Het was eruit. Het was eindelijk verteld na 16 jaar. En nu? Wat zou er nu gebeuren? Het was helemaal stil. Ze keek ons alleen maar aan. Toen stond ze op. Mam barstte in tranen uit. De rest was nog steeds stil. Ik wachtte een paar minuten, ik zou haar even de tijd geven. Ik wist precies waar ze heen was gegaan dus het duurde niet lang voordat ik haar had gevonden. Ze leek zo jong nu ze huilde als een baby. Ze mocht dan wel zestien zijn, maar ze zal altijd mijn kleine zusje blijven. Ik wist dat ik niks moest zeggen, ik kende haar te goed. Daarom ging ik naast haar zitten en omhelsde haar alleen maar. Na 10 minuten hield het gesnik op. Nog steeds zei ze niks. “Ik ga je helpen”, zei ik, waarmee ik de stilte verbrak. Ze keek me aan. “Ik snap het niet”, zei ze. “Dat kan ik mee heel goed voorstellen”, zei ik toen. Na nog eens 10 minuten stelde ik voor om terug te gaan. “Oké”, zei Mayra, “maar ik wil pap en mam nog niet zien.” “ Komt goed,” zei ik. “We gaan via het raam naar mijn kamer. Dan gaan we een plan bedenken om uit te zoeken waar je vandaan komt kleine.” Ze lachte toen ik ‘kleine’ tegen haar zei. Gelukkig kon ze dat nog steeds waarderen. Ook al was ze niet zo klein meer nu.

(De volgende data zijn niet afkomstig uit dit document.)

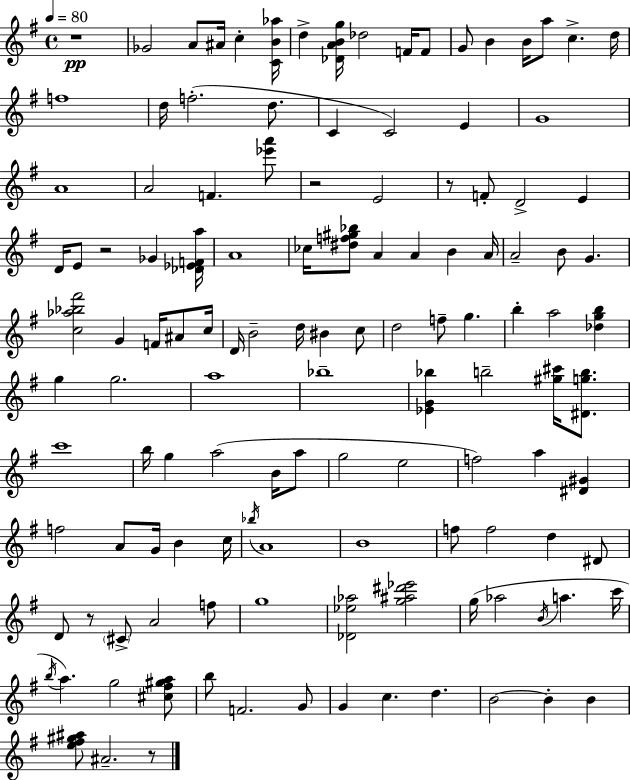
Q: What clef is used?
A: treble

Ik ga het niet allemaal precies vertellen, want ik dan maak ik alles weer opnieuw mee.  Eigenlijk bedoel ik opschrijven, want dit is een soort van dagboek. Geen echt dagboek, daar ben ik nu te oud voor, maar daar gaat het niet om. Het komt er op neer dat mij gisteren is verteld dat mijn ouders niet mijn ouders zijn. Wat? Ja. Mijn ouders zijn niet mijn echte ouders, en mijn broers zijn niet mijn echte broers. “HOE KAN DAT?”, zul je nu wel denken. Dat was ook wat ik dacht. Nou, ze hebben me gevonden. Of eigenlijk heeft Antoine me gevonden. Ze waren een dag naar het bos toe, Antoine was 5 en Levi 3. Ik was een baby, en ik was in het bos achtergelaten. Antoine vond me dus, en toen hebben ze me mee genomen en besloten om me op te voeden als hun eigen dochter en zusje. Het slaat helemaal nergens op, dat weet ik ook wel, maar toch is het zo.

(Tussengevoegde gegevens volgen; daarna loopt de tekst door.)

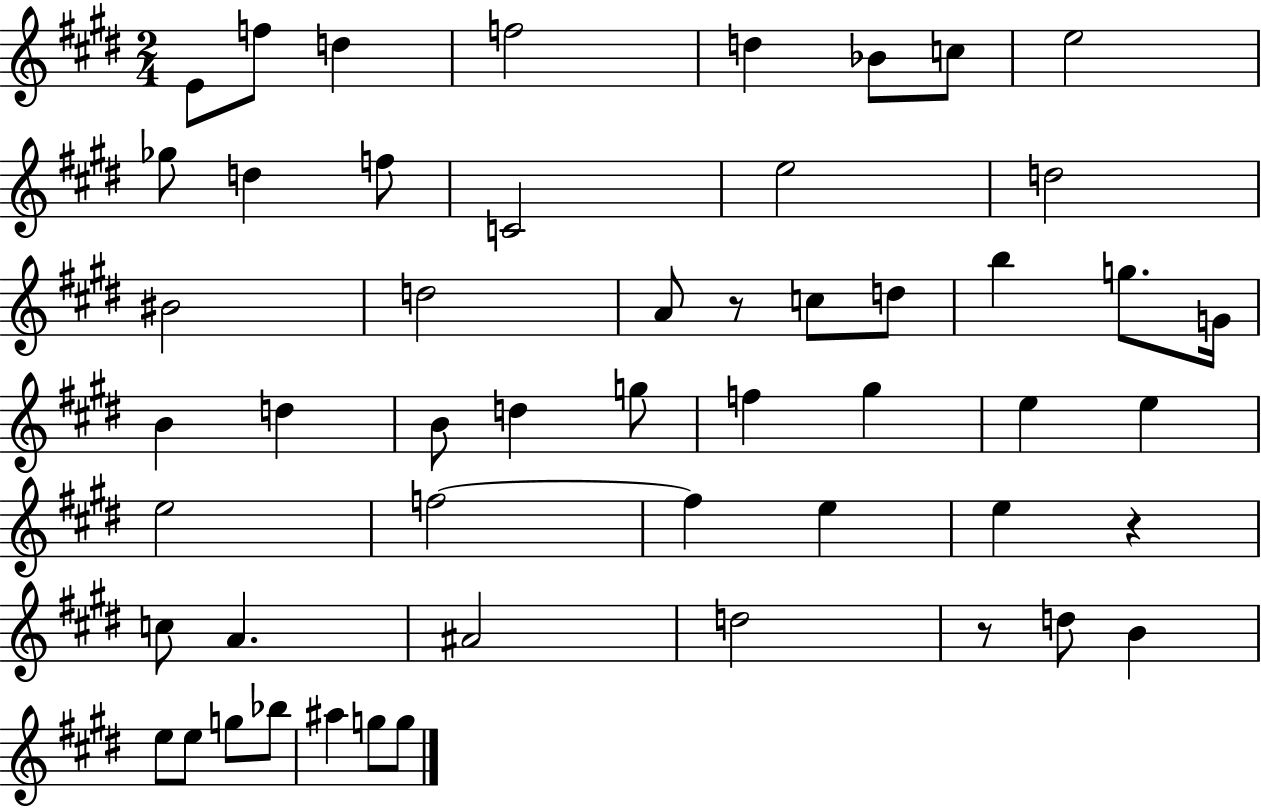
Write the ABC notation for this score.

Toen ze het hadden verteld ben ik zonder iets te zeggen opgestaan en naar buiten gelopen. Ik hoorde mama nog huilen, maar ik moest echt weg. Ik liep naar het meer in het bos, want daar kwam ik graag. Kwam zei ik, hè. Nu ik weet dat ik daar ben achtergelaten weet ik niet meer of ik het zo’n fijne plek vind. Zoals ik al zei weet ik helemaal niks meer zeker. Ik was er nog maar een paar minuten voordat ik Antoine hoorde aankomen. Hij zei niks, omhelsde me alleen, en ik maakte even me zorgen om mijn uitgelopen mascara. Er was zo veel dat ik niet begreep en niet wist op dat moment. Nu weet ik wat ik wil. Erachter komen wie ik ben en waar ik vandaan kom. Antoine heeft al gezegd dat hij me zal helpen. Mijn band met Antoine is veel sterker dan mijn band met Levi. Dat komt omdat ik en Antoine beide avontuurlijk en nieuwsgierig zijn, terwijl Levi juist veel rustiger is. Hij leest liever een boek op zijn kamer. Misschien is mijn band met Antoine ook wel sterker omdat hij me heeft gevonden. Zou kunnen. Mijn ‘ouders’ zijn niet zo weg van het idee om uit te zoeken wie ik ben. Zij denken nog steeds dat ik die kleine, hulpeloze baby uit het bos ben, terwijl ik nu toch echt zestien ben. Ik heb nog geen idee hoe ik dit ga aanpakken, maar ik ben vastberaden erachter te komen wie ik ben.